Just as Important was the views of Jews in Palestine and their response to Herzl’s invite to join in the Zionist effort. Rabbi Joseph Hayyim Sonnenfeldt wrote from Jerusalem in 1898, expressing the “dismay in the Holy Land” and describing Zionists as “evil men who deny the Unique one of the world and His holy Torah have proclaimed with so much publicity that it is in their hands to hasten Redemption of the People of Israel and gather the dispersed from the ends of the Earth.” Furthermore, Rabbi Sonnenfeldt concluded his letter by stating that “Doctor Herzl comes not from the Lord but from the side of pollution, for we say: anyone who pleads in defense of Israel is exalted in the world by the Holy One – blessed be He -, while this evil man pleads in condemnation and multiplies accusations.”

A similar view was articulated aroundthe same time in 1897,by the leading American Reform Rabbi, Issac Mayer Wise who stated:“We totally disapprove of any attempt for the establishment of a Jewish State … We affirm that the object of Judaism is not political nor national, but spiritual, and addresses itself to the continuous growth of peace, justice, and love in the human race, to a Messianic time when all men will recognize that they form one great brotherhood for the establishment of God’s kingdom on earth.”

Albert Einstein expressed an identical perspective opposing Zionism in 1930, and stating:“Apart from practical considerations, my awareness of the essential nature of Judaism resists the idea of a Jewish state, with borders, an army, and a measure of temporal power, no matter how modest.

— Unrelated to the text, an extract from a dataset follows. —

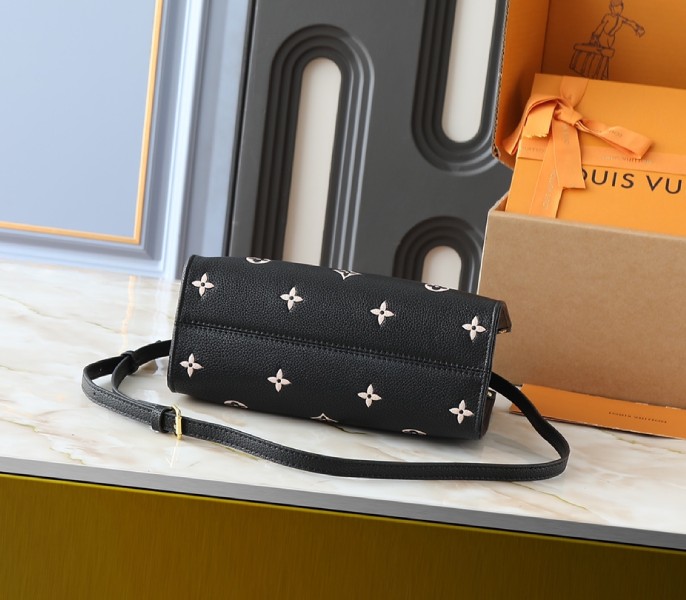 OnTheGo PM Eden In Black angle 4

I am afraid of the inner damage Judaism will sustain – especially from the development of a narrow nationalism within our own ranks, against which we have already had to fight strongly, even without a Jewish State. We are no longer the Jews of the Maccabee period. A return to a nation in the political sense of the word would be equivalent to turning away from the spiritualization of our community which we owe to the genius of our prophets.”

“In blood and fire” was sacrilegious for the Orthodox and reform Judaism and up to the late 1930s the Zionist were in the minority on the question of the return to Palestine if it was on the basis of nationalism. It is this worldview that gives birth to the militant strand in Zionism and eventually becomes the pillar around which the new state is formed. The use of violence was not only an instrument of defending oneself or fighting to claim Palestine but an epistemic foundational building block and a shift that makes the modern nationalist Zionist a reality. Constituting the state becomes a function of affirming the veracity of the epistemic shift and the reorientation of Judaism itself into the Zionist point of view. ‘Blood and might’ for the Zionist is what saves the Jews rather than the book and God who is seen to have failed in doing so many times over.